Key and Hardeman We call your attention to the articles in this issue by brother Roy Key and brother Pat Hardeman. Modernism in subtle guise is making inroads into the church. Every Christian needs to be alert and on guard. Read these articles, and others that are to follow.


The worth of a wife

"Every man ought to have a wife. If a man is happily married, that one rib is worth all the other bones in his body."

— Gospel Advocate, 1890


"Cousin Joe"

It was the year 1894. J. D. Tant was debating with a Baptist preacher named Joe Lockhart. Tant kept referring to his opponent as "Cousin Joe." Lockhart finally took exception to it, and demanded to know why Tant kept using the appellation. Tant replied, "Why, everybody knows that Jesus Christ and John the Baptist were cousins. I follow Christ and you follow John. That makes us cousins, Cousin Joe."


Volume Two ready soon Volume Two of the Gospel Guardian is now at the bindery, and will be ready soon for delivery. It is exactly twice as big as was Volume One, and the price on it will be a little bit higher. Only a limited number (about 150) are being bound, so if you want one, you should order at once. Volume One is sold out, and no more copies are available.


"Young editor Yater"

Comes now brother F. 0. Howell solemnly and seriously avowing that he can't see any difference between "young editor Yater" selling subscriptions to the Gospel Guardian and several hundred churches turning over their funds to a centralized "board of elders" to spend for them. This is pretty discouraging to said "young editor." He is flattered, of course, by brother Howell's and brother Showalter's references to his youth (what balding, graying fatso wouldn't be?), but, honestly, does brother Howell, a teacher in Israel, insist that he is mentally incapable of making any distinction between a business enterprise and a church? If that be a true index of his mental prowess, we wouldn't be at all surprised to see him come out some day with a declaration that there is no distinction to be made between the church of Jesus Christ and the Ku Klux Klan!


Arizona "Sonlight"

Brethren Harry Pickup, Jr., and J. D. Rothwell of Phoenix, and Robert F. Turner of Prescott are starting a monthly paper slanted particularly toward the needs of the Arizona field. Name of the new paper will be "Sonlight," and subscription is $1.00 per year. If interested, you may order from Harry Pickup, Jr., 2128 W. Earn Drive, Phoenix.

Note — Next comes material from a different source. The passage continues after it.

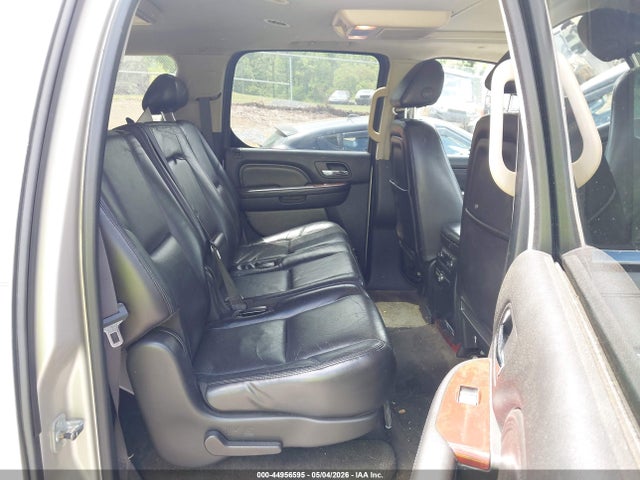 Продаж на аукціоні авто 2007 Cadillac Escalade Esv Standard, vin: 1GYFK66837R227204, номер лоту: 44956595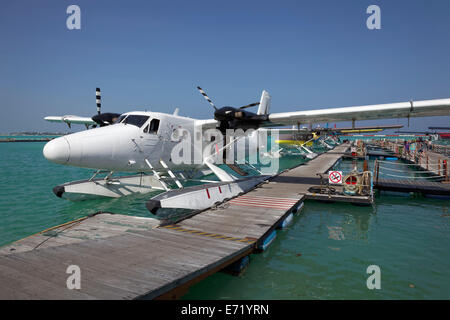 Hydroplane, De Havilland Canada DHC-6 300 Twin Otter, moored at the pontoon, Malé International Airport, Hulhulé, Maldives Stock Photo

Tucson While we're on the subject of Arizona, we'll say that this page is being written while the editor is in the home of his father-in-law, L. A. Gotto, of Tucson. This is our sixth meeting in Tucson within the past fifteen years (five at Mabel and Santa Rita church, and the present one at the new Country Club congregation), and we have many friends in all the congregations here. Tucson Christians have had much unrest through the years, but in spite of these troubles of the past and some deep animosities of the present, there is real hope for a brighter day ahead. With faithful gospel preachers (both local and visiting) refusing to align themselves with the old cleavages, and with a considerable number of new converts who know nothing of the ancient problems (there is no doctrinal issue involved), we are confident that peace will eventually come.


Quotable quote

"Some of the brethren are complaining that they want to give money to some foreign field, but don't know how to go about it. It's a dead sure cinch that if a person doesn't even know enough about a foreign work to be able to send money to it, he doesn't know enough to give intelligently! If he is that ignorant of the situation, how can he know what is being done with his money once it is on "the field?"